The sun rises over one of the areas now incorporated into the Lake District. Photo: Friends of the Lake District

Scores of people saw dawn break over a national park landscape to mark the first day of the extended Lake District.

Friends of the Lake District held an early morning vigil to see the sun rise on Scout Scar, near Kendal on Monday.

Both the Lake District and Yorkshire Dales saw their areas extended from 1 August, the Dales by almost a quarter.

The campaigning charity said scores of people joined them at 5am to see in the new day, with eggs and bacon fortifying the early risers, among them many supporters and campaigners who have worked to see the extensions introduced.

Policy officer at Friends of the Lake District, Alison Lax, said: “These areas have always been special and valued in Cumbria, but now it adds a level of national recognition.

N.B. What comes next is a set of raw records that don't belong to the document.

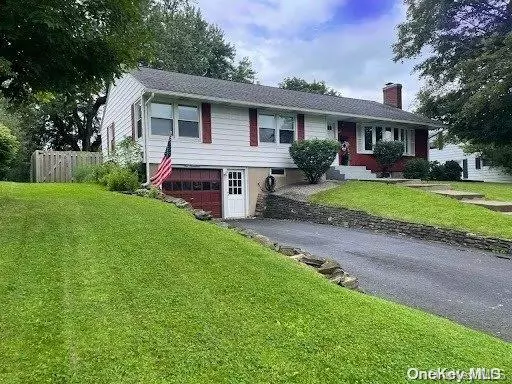 117 E Granger RD,  Syracuse,  NY 13219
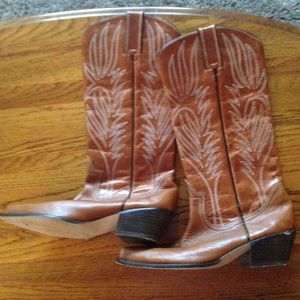 Brown Cowboy Boots - size 8B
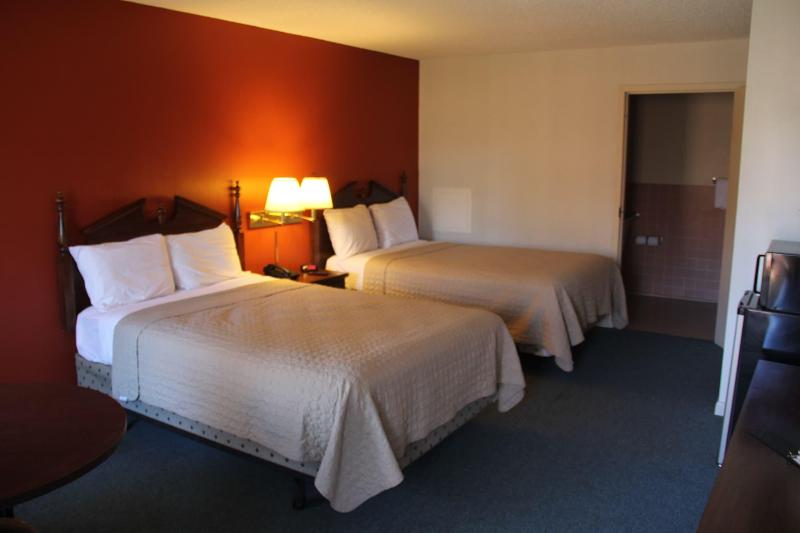 Skyline Lodge image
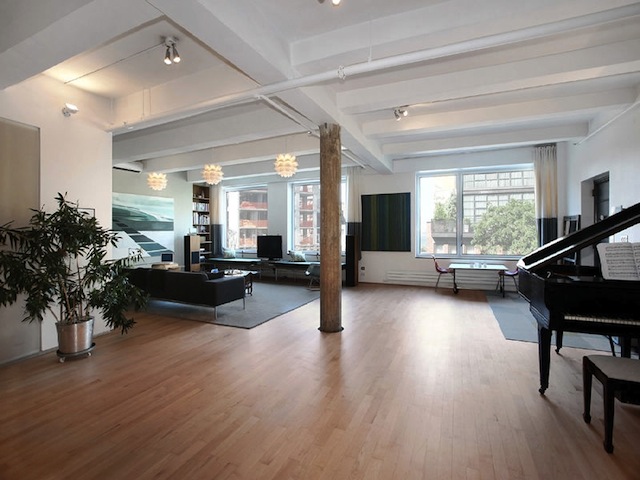 Director Darren Aronofsky Scopes Out Downtown Loft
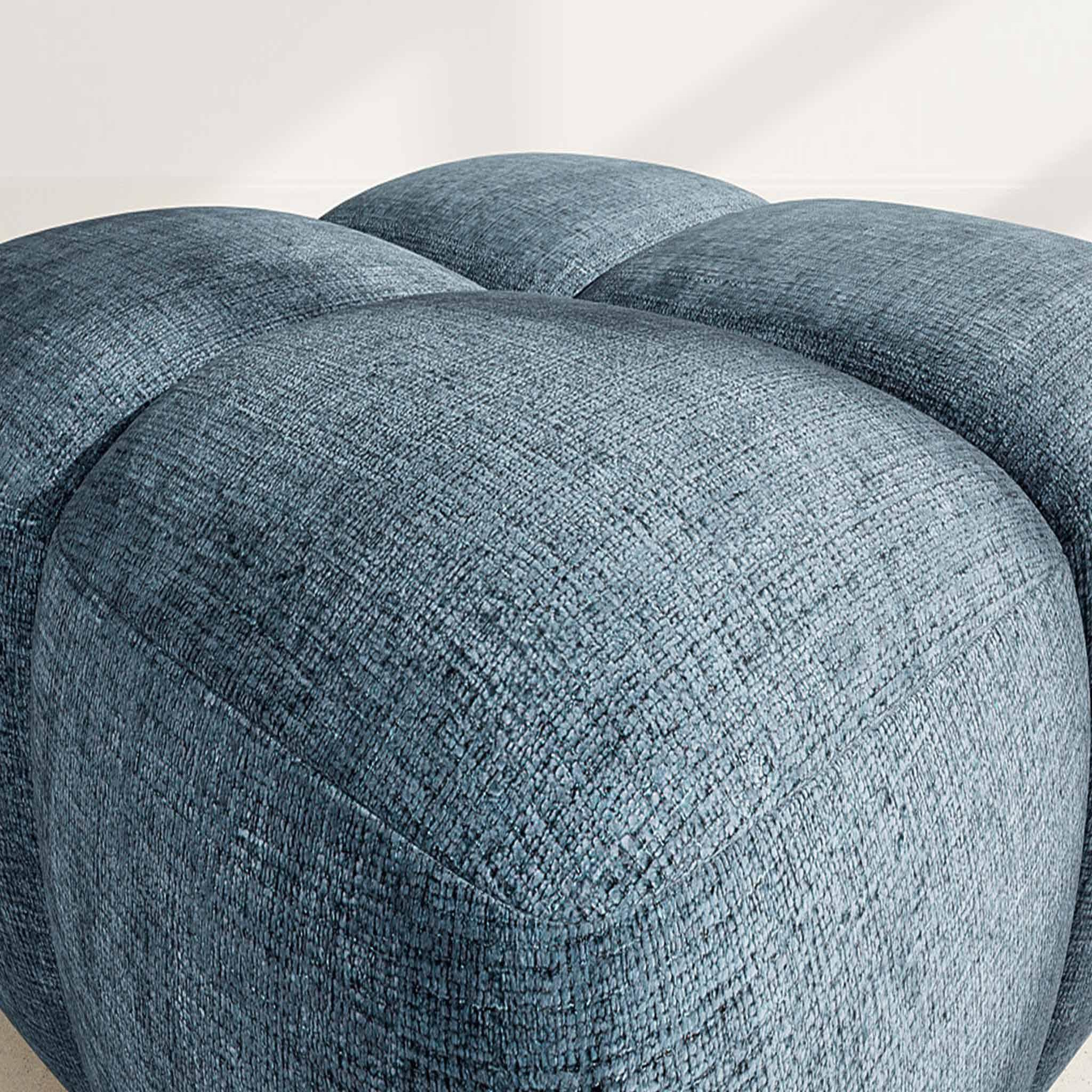 Voir la diapositive 4 : LISA DESIGN Grace - pouf en velours texturé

“These areas really should have been part of the parks in the first place. The landscape’s qualities are on a par with everything that was included in the parks previously.”

The extension to the parks, announced by the Department for Environment, Food and Rural Affairs in October now see the Dales stretch to the North and West and the Lakes to the East and South, with boundaries now within touching distance either side of the M6 motorway, creating a band of protected land across the North-West of England.

Britain’s oldest national conservation body welcomed the extension of the two national parks.

The Open Spaces Society said an area larger than the Isle of Wight, is now embraced by the Lake District and Yorkshire Dales national parks following a long campaign by amenity groups.

The Lake District is extended by 27 square miles, to incorporate areas such as Birkbeck Fells, Whinfell and part of the Lyth valley, while the Yorkshire Dales is expanded by 161 square miles to include parts of the Orton Fells, northern Howgill Fells, Wild Boar Fell and Mallerstang.

Open Spaces Society general secretary Kate Ashbrook said: “We are delighted that this long-unfinished business has at last been completed.

“The park borders were illogical, reflecting former local-authority boundaries which paid no attention to landscape and natural beauty.

“The society played an important role in the original establishment of national parks in England and Wales in 1949, and we have worked alongside the Campaign for National Parks, Friends of the Lake District, Yorkshire Dales Society and others to secure the inclusion of these left-out landscapes.

“The new national park areas are rich in common land and other open country where people have the right to roam free. They have a wild beauty and grandeur which deserve to be protected and recognised.

“It is entirely fitting that the new designations should take effect in the 80th anniversary year of the Campaign for National Parks, at the end of National Parks Week, and on Yorkshire Day.”